[Records from a collection]
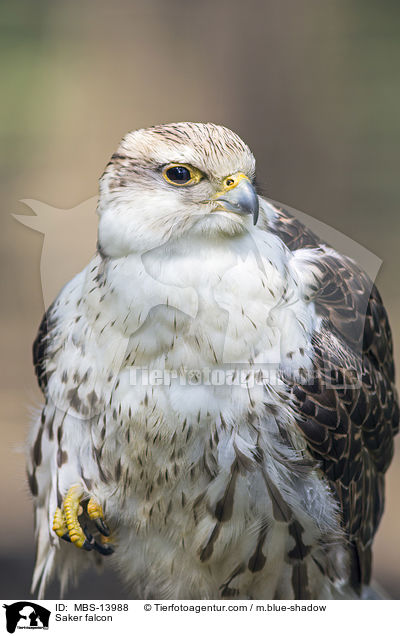 Saker falcon / MBS-13988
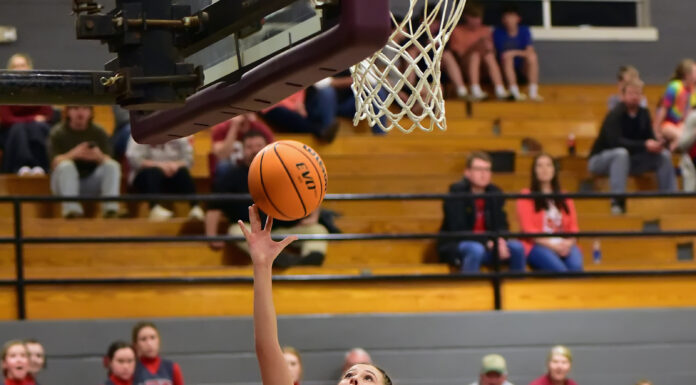 PREP BASKETBALL: West Point falls to Lawrence County in area title game 52-45
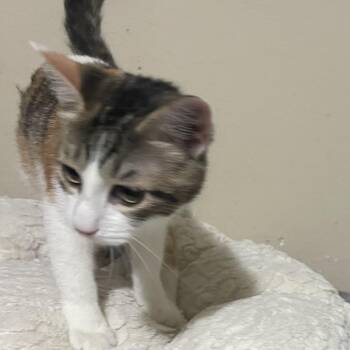 Lara -  Domestic Short Hair Cat for Adoption in Liverpool, Texas - Lara | PetCurious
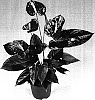 Anthurium%20andreanum%20%27Rijn200310%27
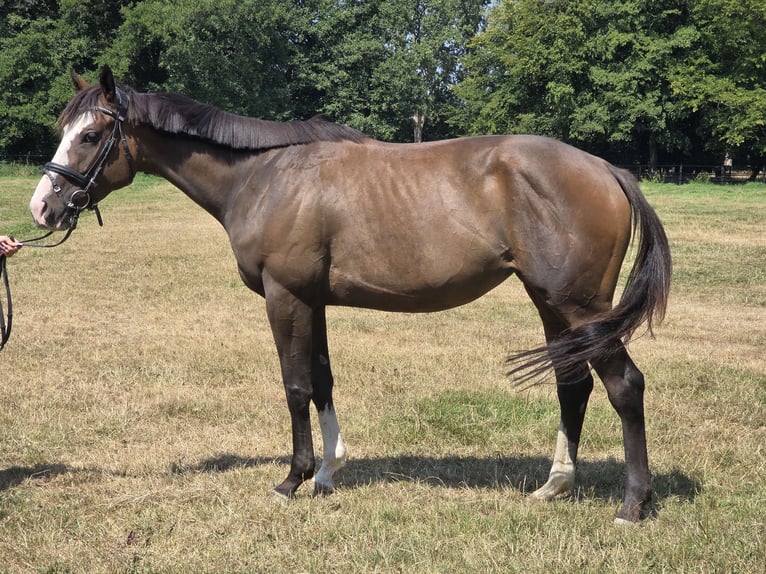 Weitere Warmblüter Stute 5 Jahre 160 cm Schwarzbrauner in Wachtendonk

PROBLEM DETAILS: Go back to the line containing "PREP BASKETBALL: West" and output it and every line after it through the end of the records, exactly, but not the pictures.

ANSWER TO THE PROBLEM:
 PREP BASKETBALL: West Point falls to Lawrence County in area title game 52-45
 Lara -  Domestic Short Hair Cat for Adoption in Liverpool, Texas - Lara | PetCurious
 Anthurium%20andreanum%20%27Rijn200310%27
 Weitere Warmblüter Stute 5 Jahre 160 cm Schwarzbrauner in Wachtendonk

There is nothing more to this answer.